§ EXERCISE: Give the listing again character for character, but drop the images.

§ PROVIDED DATA:
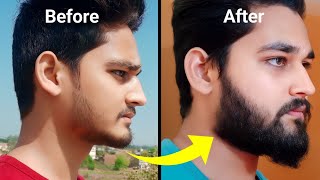 Minoxidil Beard Growth  6 Month Transformation  Before and After All Picture [upl. by Kryska790]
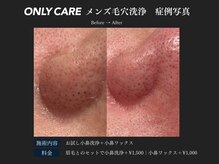 オンリィケア 関大前(ONLY CARE)/【メンズ毛穴洗浄】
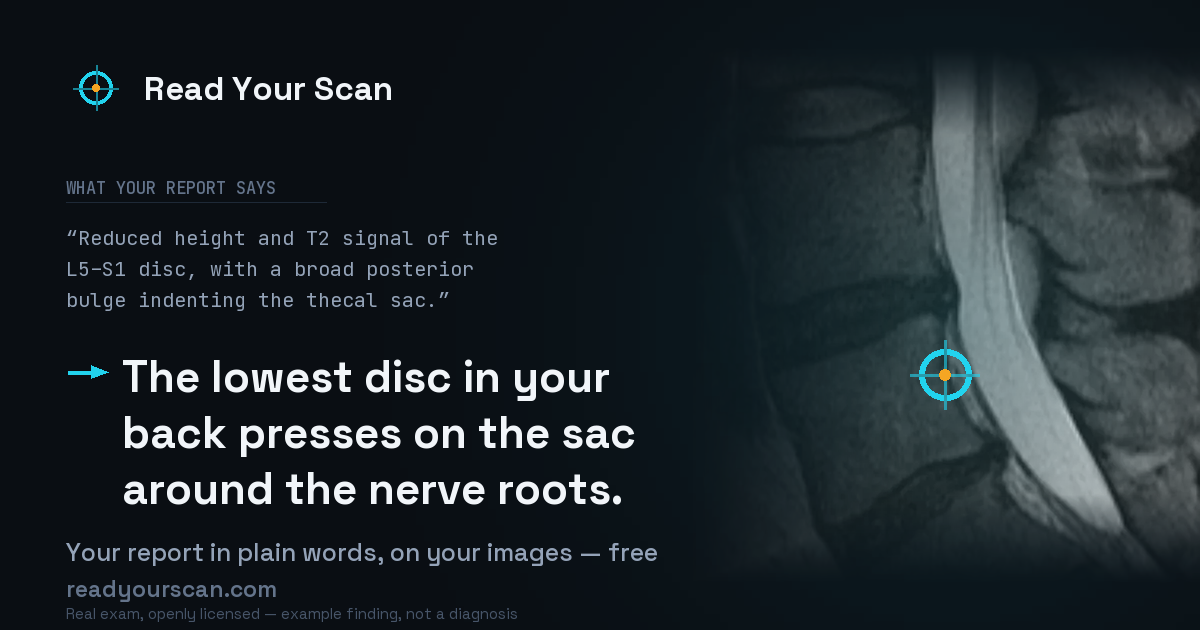 Read Your Scan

§ RESPONSE BELOW:
 Minoxidil Beard Growth  6 Month Transformation  Before and After All Picture [upl. by Kryska790]
 オンリィケア 関大前(ONLY CARE)/【メンズ毛穴洗浄】
 Read Your Scan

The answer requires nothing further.